神戸:1990年代の悲惨な戦争、ユーゴスラビア内戦は、同じ国の中で民族が違うというだけで殺し合いになってしまいました。この戦争にU2がどう絡んだのでしょうか。
関根:旧ユーゴスラビアのボスニアにあるサラエボは約4年間、セルビア軍に包囲され、歩くだけでもスナイパーに撃たれ、戦車がやってくる状況でした。今のウクライナのような状況ですが、日常生活があったのです。そんなサラエボに、アメリカ人の若い援助活動家がいました。彼が、平和の象徴、抵抗の象徴であるU2をここに呼びたい、と思いついたんです。本当に突拍子もないことです。しかも危険なサラエボに呼ぼうとする。それをずっと追いかけた映画です。本当の主人公は彼かもしれません。ヨーロッパツアー中のボノ(U2のギター・ボーカル)に、会いに行くんです。
神戸:映画に、その映像もありましたね。
関根:U2と、実際にヨーロッパのコンサート会場で会えました。そしてボノは「サラエボに行くよ」と言ったのです。しかし、あまりにも危険なので、戦時中は無理でした。戦争が終わった1995年から2年後、1997年9月23日、ライブを行ったんですが、これが映画の最後のあたりに出てきます。ものすごく感動的な場面で、約5万人が集まって、なんと敵同士も集まったそうです。

神戸:今まで、民族・宗教が違うことで殺し合いをしなければいけない状況に追い込まれていた人たちが、集まって1つの会場でボノの歌を聞いたわけですね。

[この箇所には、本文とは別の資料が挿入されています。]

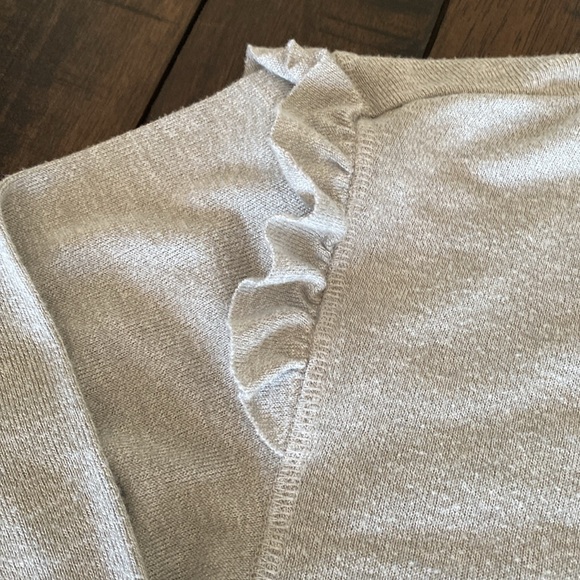 Tahari Ruffle Sweater - Large - Picture 2 of 8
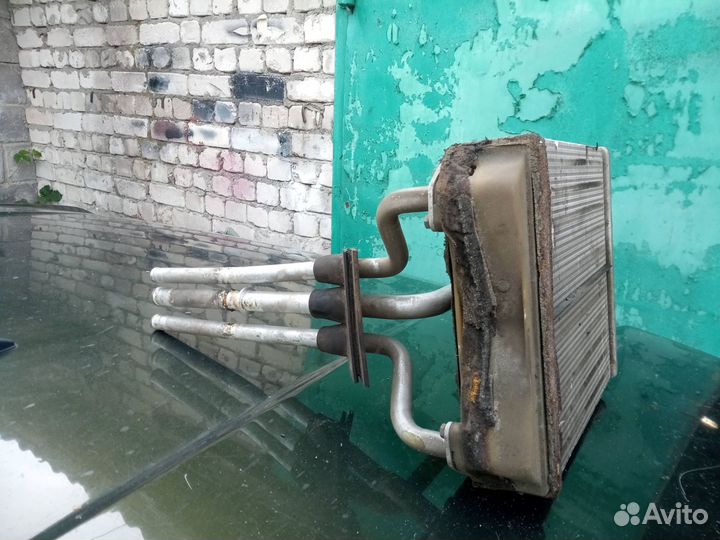 Радиатор печки Мерседес 126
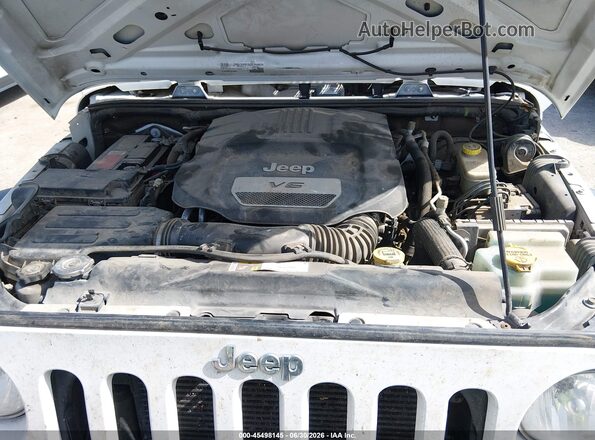 1C4BJWDGXGL187319 2016 JEEP WRANGLER UNLIMITED White უკანა ხედი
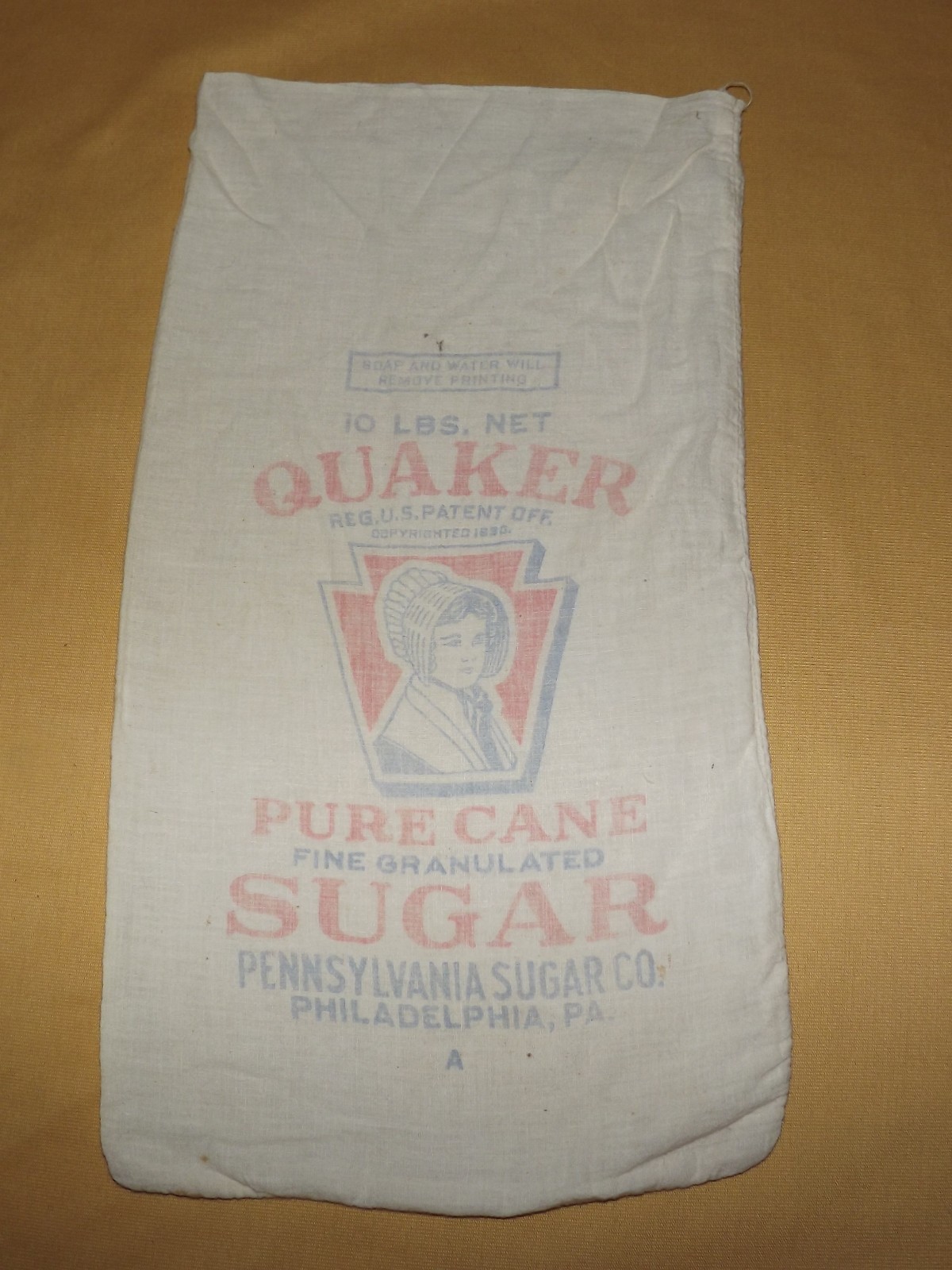 VINTAGE QUAKER PENNSYLVANIA SUGAR CO PURE CANE SUGAR CLOTH SACK VINTAGE QUAKER PENNSYLVANIA SUGAR CO PURE CANE SUGAR CLOTH SACK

関根:そうなんですよ。僕はネナド・チチン=サイン監督にインタビューしたのですが、監督は旧ユーゴスラビアのクロアチア出身。お父さんがクロアチア人、お母さんがセルビア人、なんと戦った民族同士なのです。そして今の妻はアルバニア人。彼は生まれた瞬間から「何人でも平等なんだ」「人は人である」と教わって育った、というのです。監督が今住むアメリカでも分断が広がる中、人々をつなぐ音楽のかつてコンサートを伝えたかったので、2023年に映画が完成したのです。

【ネナド・チチン=サイン 監督】
旧ユーゴスラビアのクロアチア出身。1980年にアメリカに移住。父がクロアチアに戻り、1992年からアメリカとクロアチアを行き来し、クロアチアで戦争の一部を経験。短編映画『Samuel David』(2018年)がローマ映画祭で最優秀短編賞、長編『The Time Being』(2012年)はトロント映画祭で最優秀撮影賞。最新作『キス・ザ・フューチャー』は、2023年ベルリン国際映画祭で初上映され、サラエボ映画祭で観客賞を受賞した。